2. Based on the GIS tutorial (Japan earthquakes), create one plot about something in your subsetted dataset.

First plot chunk here

p1 <- new_prevention |>
  ggplot(aes(x = Data_Value, y = PopulationCount, color = Short_Question_Text)) +
  
# Scatterplot of Values vs Population  
  geom_point(alpha = 0.05)+
 
# Using facet_wrap to show all five states  
  facet_wrap(~StateDesc) +
  geom_jitter() +
  scale_color_viridis_d() +
  theme_minimal()+
  labs(x = "Prevalance Rate (95% Cl)", y = "Population Count", title = "Rate vs Population Count for Five States", color = "Question")
p1

Warning: Removed 1445 rows containing missing values (`geom_point()`).
Removed 1445 rows containing missing values (`geom_point()`).

Interesting to see a couple of outliers in New York, maybe something worth exploring.

3. Now create a map of your subsetted dataset.

Loading necessary packages

library(leaflet)
library(leaflegend)
library(sf)

Linking to GEOS 3.11.2, GDAL 3.7.2, PROJ 9.3.0; sf_use_s2() is TRUE

library(tmap)

The legacy packages maptools, rgdal, and rgeos, underpinning the sp package,
which was just loaded, were retired in October 2023.
Please refer to R-spatial evolution reports for details, especially
https://r-spatial.org/r/2023/05/15/evolution4.html.
It may be desirable to make the sf package available;
package maintainers should consider adding sf to Suggests:.

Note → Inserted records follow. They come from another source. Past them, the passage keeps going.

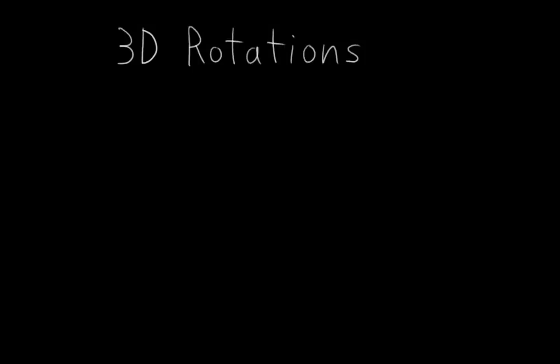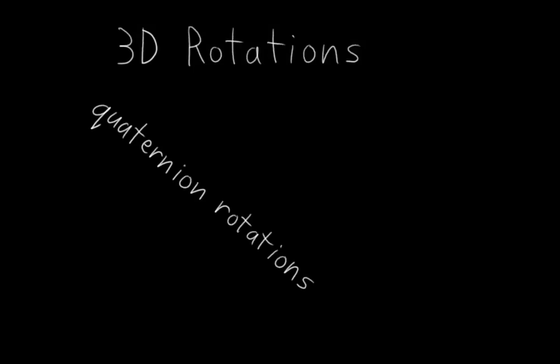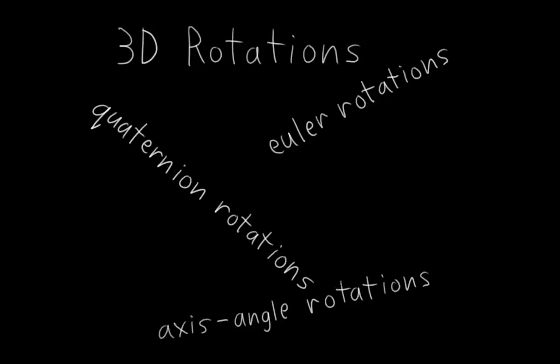This is the chapter where you get to learn all about quaternion rotations, Euler rotations, axis angle rotations, and also just about 3D rotations in general.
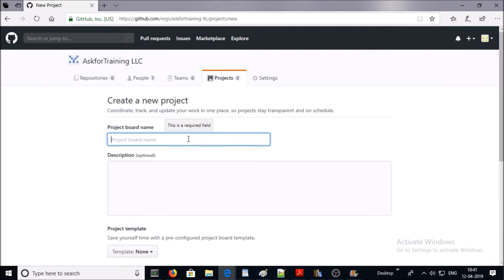Give the project board a name. What is the project board? Basically, project boards on GitHub help you to organize and manage your work. You can create project boards for specific work roadmaps or even release checklists. So give the project board a meaningful name and give the description.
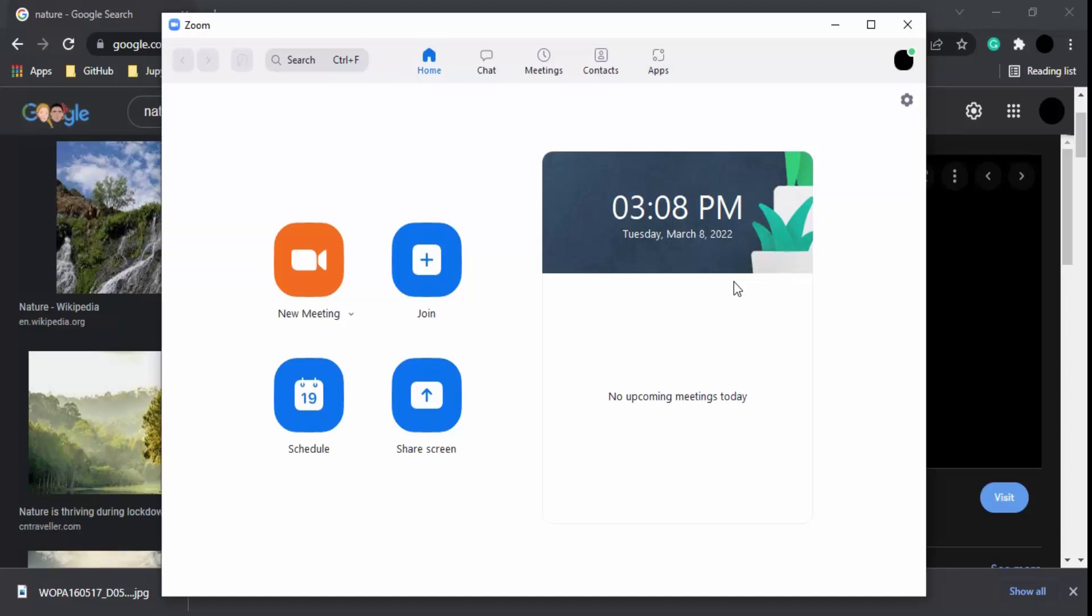First, you can blur your original background. Second, you can use the pre-installed photos which Zoom provides. And third, you can upload your own pictures.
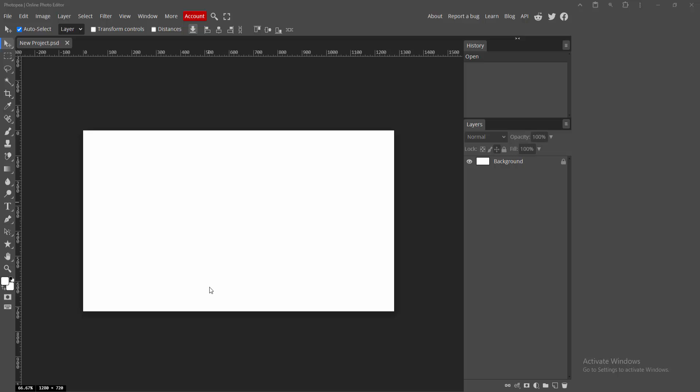Assalamualaikum! Hello friends, welcome back to my channel. In this video I'm going to show you how to extract part of an image in PhotoPea. Let's get started.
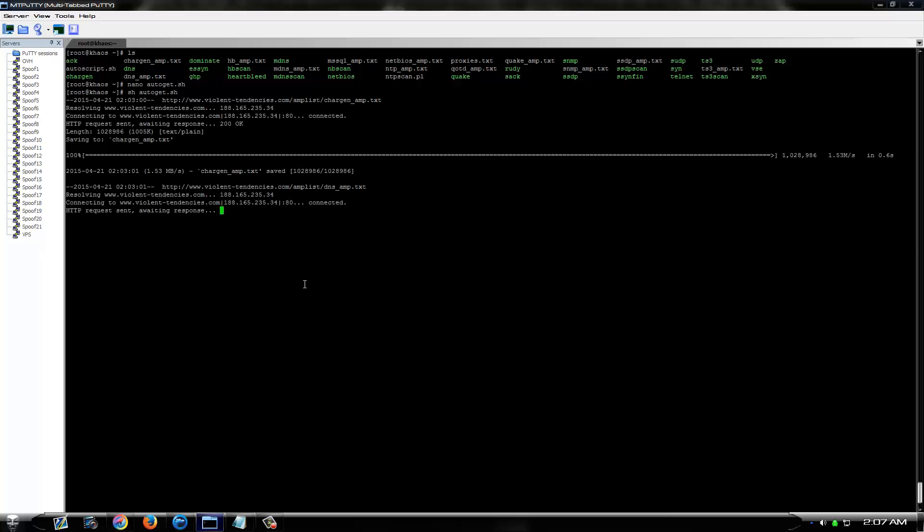And it will remove all your current amp lists. All of those were blank. I just created blank files for the tutorial purpose. And now it's downloading actual amp lists from my other server.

Breaking News: tmap 3.x is retiring. Please test v4, e.g. with
remotes::install_github('r-tmap/tmap')

library(tmaptools)
setwd("C:/Users/Angel/OneDrive/Documents/Datasets")

First map chunk here

# Correct the coordinate values, if must.

# Filtering data further
new_prevention <- new_prevention|>
  filter(StateAbbr == 'NY', Short_Question_Text == 'Cholesterol Screening') |>
  mutate(lat = as.numeric(lat), long = as.numeric(long))

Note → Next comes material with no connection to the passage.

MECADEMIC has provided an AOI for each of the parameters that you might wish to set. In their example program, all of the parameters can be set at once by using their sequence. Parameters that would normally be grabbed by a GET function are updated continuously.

# Set the latitude and longitude
ny_lat <- 42.7466
ny_lng <- -75.7700

# Loading data for United States
# usgeo <- read_sf()

leaflet() |>
  setView(lng = ny_lng, lat = ny_lat, zoom = 6) |>
  addProviderTiles("Esri.WorldStreetMap") |>
 addCircles(data = new_prevention, lat = new_prevention$lat, lng = new_prevention$long, radius = new_prevention$PopulationCount)

The city named Buffulo has the largest amount of ‘volunteers’ – those who participated in this study – in all of the state that is, New York.

4. Refine your map to include a mousover tooltip

Refined map chunk here

popup <- paste0("<b>Population (Count): </b>", new_prevention$PopulationCount, "<br>",
                "<b>City: </b>", new_prevention$CityName, "<br>",
                "<b>GeoLevel: </b>", new_prevention$GeographicLevel, "<br>",
                "<b>Rate (%): </b>", new_prevention$Data_Value, "<br>")

leaflet() |>
  setView(lng = ny_lng, lat = ny_lat, zoom = 6) |>
  addProviderTiles("Esri.WorldStreetMap") |>
 addCircles(data = new_prevention, lat = new_prevention$lat, lng = new_prevention$long, radius = new_prevention$PopulationCount, popup = popup)

5. Write a paragraph

In a paragraph, describe the plots you created and what they show.

The above two visuals are my attempts of using the leaflet package. In short, perhaps I did not use the dataset correctly, but the points represent a location from the New York State that consider those who participated. In addition, if you click on an individual circle/point, there will be follow-up information that will add more context. Overall, I think this helps to visualize the idea of cholesterol screenings implementation throughout the state.